Your task:
Your task is to print, exactly and only, the lines from the start of the entries below through the line with "T-Shirt aus Bio-Baumwolle - Frauen - sundown coral T-Shirt". Include both ends, but skip the pictures.

Scraped caption text data
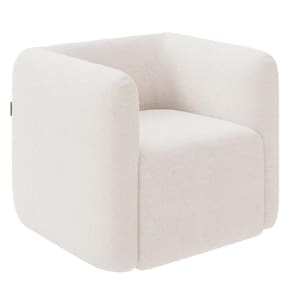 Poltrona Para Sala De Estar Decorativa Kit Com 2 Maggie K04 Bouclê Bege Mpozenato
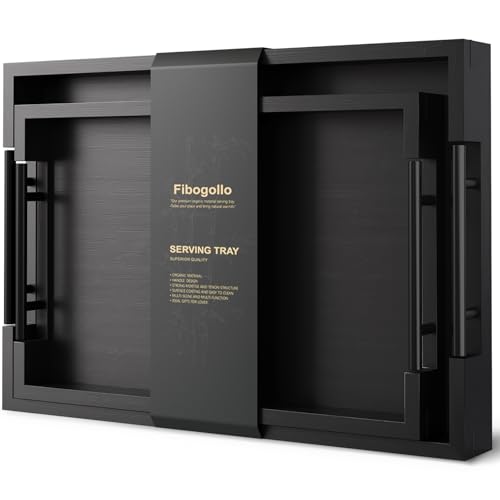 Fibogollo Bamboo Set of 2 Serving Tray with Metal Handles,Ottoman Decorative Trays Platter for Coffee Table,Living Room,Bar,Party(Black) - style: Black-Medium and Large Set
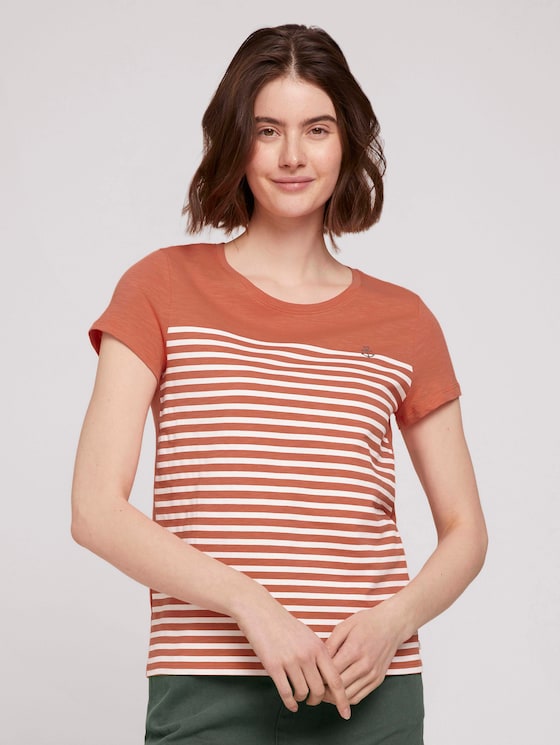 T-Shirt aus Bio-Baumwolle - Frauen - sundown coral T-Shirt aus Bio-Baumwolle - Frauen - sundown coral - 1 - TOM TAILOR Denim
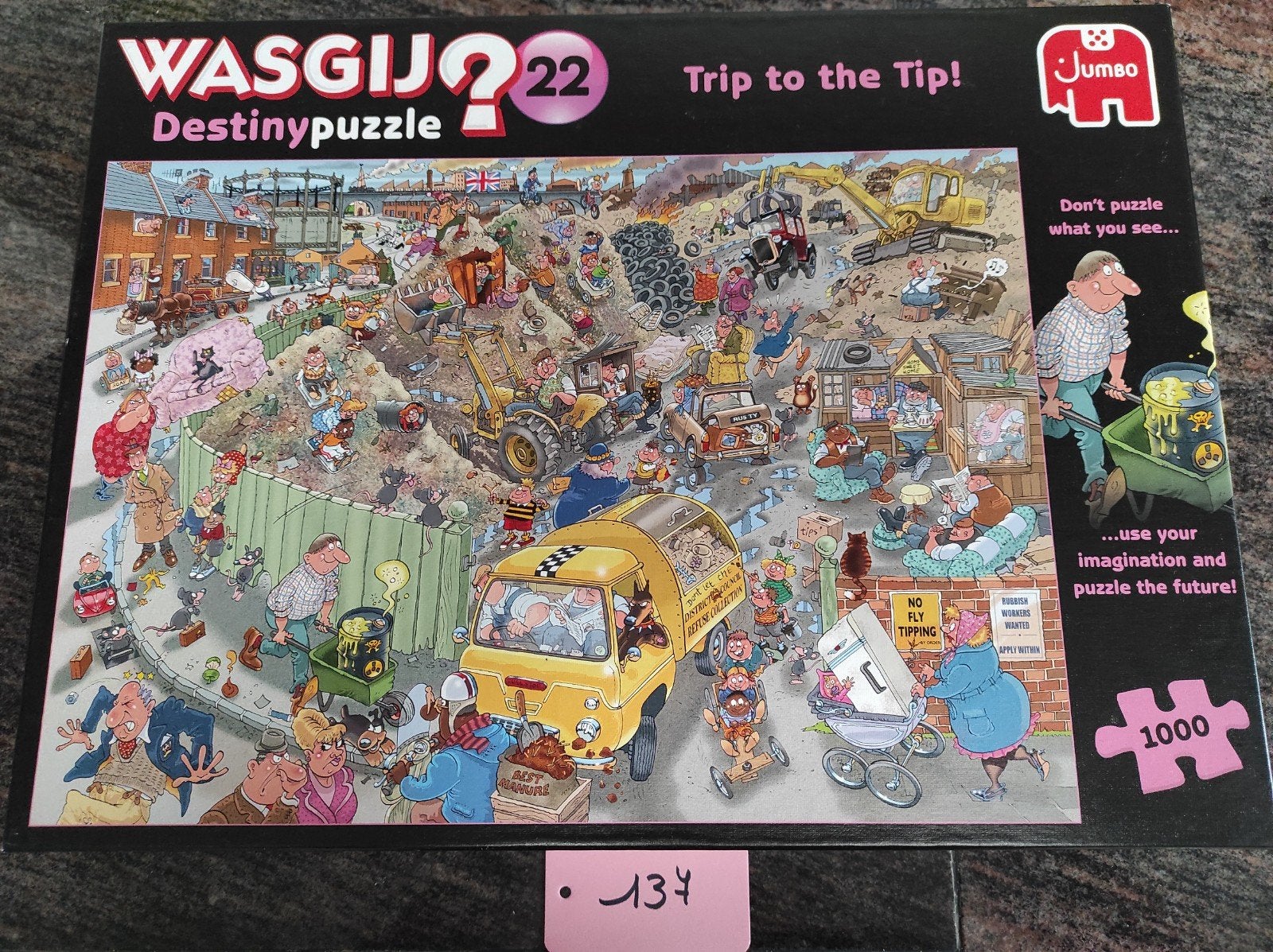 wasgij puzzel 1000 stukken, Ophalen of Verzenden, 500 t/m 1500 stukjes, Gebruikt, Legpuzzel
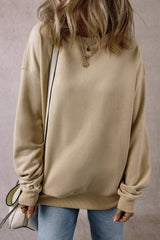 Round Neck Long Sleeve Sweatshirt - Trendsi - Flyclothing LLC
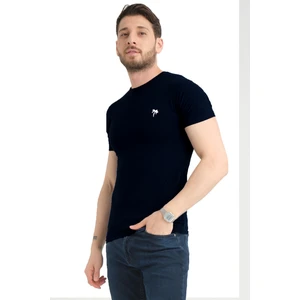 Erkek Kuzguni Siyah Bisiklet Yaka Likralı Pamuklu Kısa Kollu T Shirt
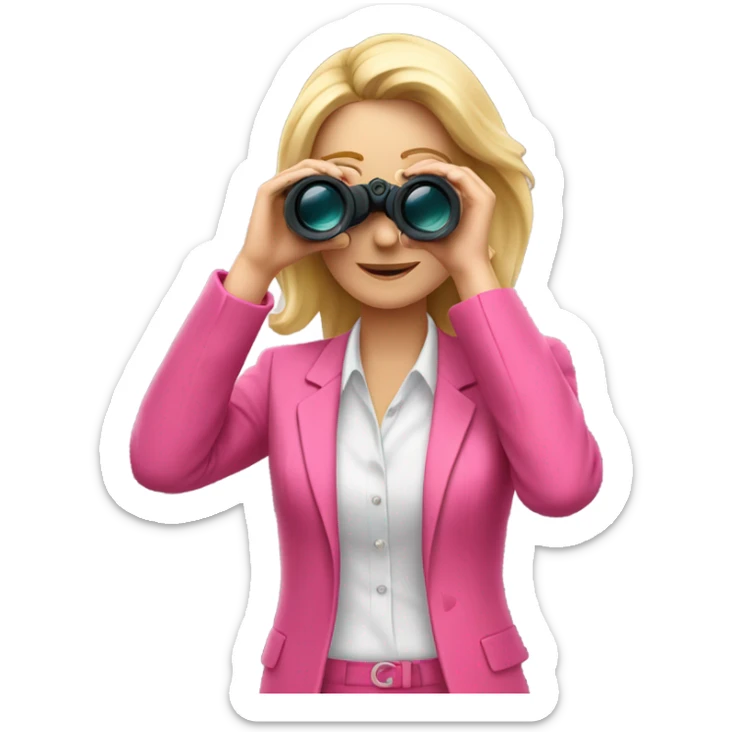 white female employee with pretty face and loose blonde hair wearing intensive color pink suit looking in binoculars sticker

Answer to the problem:
 Poltrona Para Sala De Estar Decorativa Kit Com 2 Maggie K04 Bouclê Bege Mpozenato
 Fibogollo Bamboo Set of 2 Serving Tray with Metal Handles,Ottoman Decorative Trays Platter for Coffee Table,Living Room,Bar,Party(Black) - style: Black-Medium and Large Set
 T-Shirt aus Bio-Baumwolle - Frauen - sundown coral T-Shirt aus Bio-Baumwolle - Frauen - sundown coral - 1 - TOM TAILOR Denim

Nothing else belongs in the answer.